I also enjoyed the local angle. Although I missed David Foster Wallace’s reading at the Hungry Mind, the film brought back memories of several happy readings I attended there including those featuring Mark Bowden, Ron Chernow, and Christopher Buckley. Best of all was the one featuring Peter Guralnick in 1999 as he toured in support of Carless Love: The Unmaking of Elvis Presley. The book is the second volume of Guralnick’s two-volume biography of Elvis; the first volume is Last Train To Memphis: The Rise of Elvis Presley.

Guralnick specializes in writing about American popular music with an emphasis on blues, soul and country artists. He is one of my favorite writers. His Sweet Soul Music is one of my favorite books. I have preordered his forthcoming biography of Sam Phillips, to be published on November 10. All of Guralnick’s books have now been reissued in enhanced digital editions on iTunes. His site is online here.

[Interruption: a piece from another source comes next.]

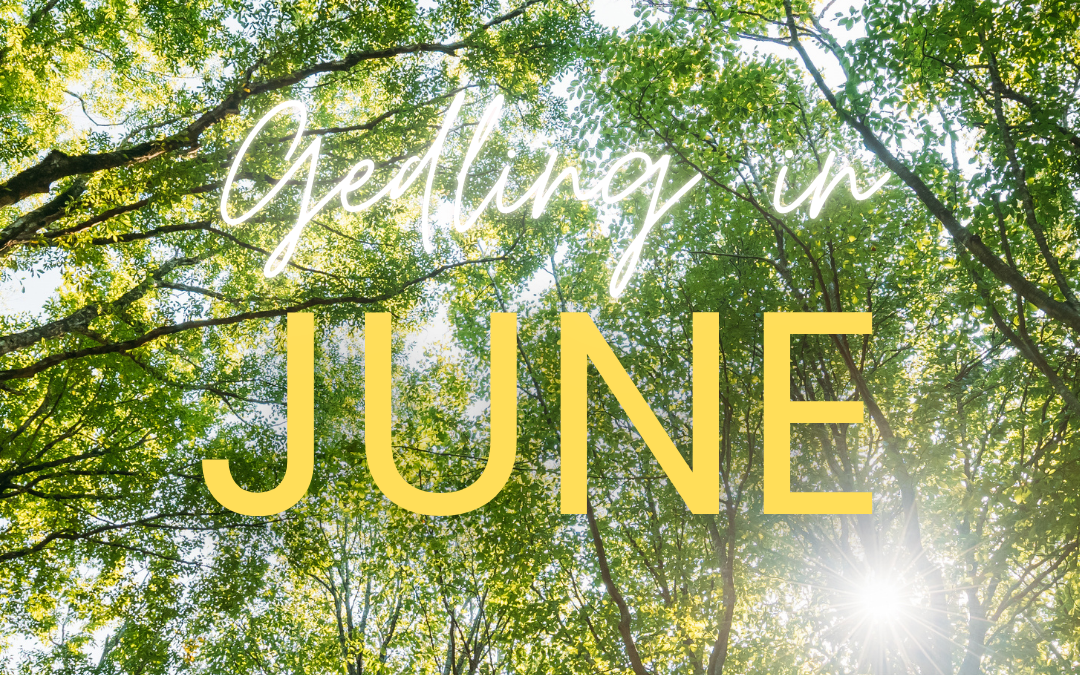 Gedling catch up & a look forward to June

Guralnick’s biography of Elvis is utterly compelling. Guralnick takes us inside Elvis’s life, or as close as we’re ever going to get. How does he do it? In the author’s note to the second of the two volumes he avows his “deep-seated belief in research,” yet his achievement is akin to that of a great novelist. He extends the range of the reader’s empathy and deepens the reader’s sympathy. In what could be the motto for all of his books, he observes: “There are no villains here.”

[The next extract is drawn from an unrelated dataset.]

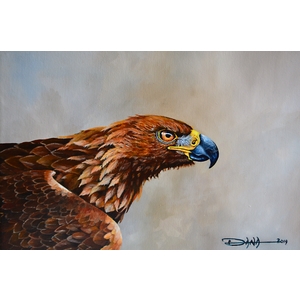 Golden Eagle head study by Dana Newman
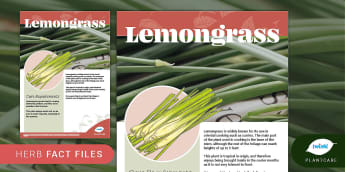 Herbs Fact File: Lemongrass, Plants, Plantcare, Outdoor,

Toward the end of his remarks at the Hungry Mind he praised Dawn Powell and cited My Home Is Far Away, her intriguing autobiographical novel. My impression was that he had read it recently and that it had come as something of a revelation to him. In the video below he alludes to Ford Madox Ford’s novel The Good Soldier, presenting the classic case of an unreliable narrator. One can infer, as I did back in 1999, that he thinks a lot about narrative and point of view.

This past Sunday was the anniversary of Elvis’s death in 1977 at the age of 42. On Monday Sirius/XM’s Elvis channel broadcast a terrific interview with Guralnick conducted by Elvis’s old Humes High buddy George Klein. I went looking for videos of Guralnick online and found the 2013 interview below with Conan O’Brien. In this interview Guralnick makes many of the points he made with Klein and a few more to boot. If you have any interest in Elvis, I think you will enjoy the interview and are likely to learn a few things you will be glad to know in the process. Best of all, it should send you back to the music.

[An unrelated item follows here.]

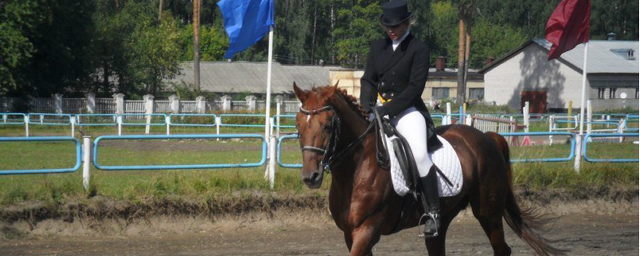 В Костроме построят крытый манеж для занятий конным спортом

Guralnick contributed the liner notes to the 1985 album Reconsider Baby, pressed on blue vinyl and collecting several of Elvis’s (killer) blues numbers. The album opened my ears to Elvis’s post-Sun Records career in a way that they had never been open before.

The title cut was recorded during the sessions for Elvis Is Back, an album that Guralnick discusses briefly in the interview. It’s a Lowell Fulson number with Elvis supporting his vocal on rhythm guitar. “Elvis’s voice soars,” Guralnick writes in Careless Love, “giving the blues a kind of harmonic freedom that…in the end is Elvis’s alone.”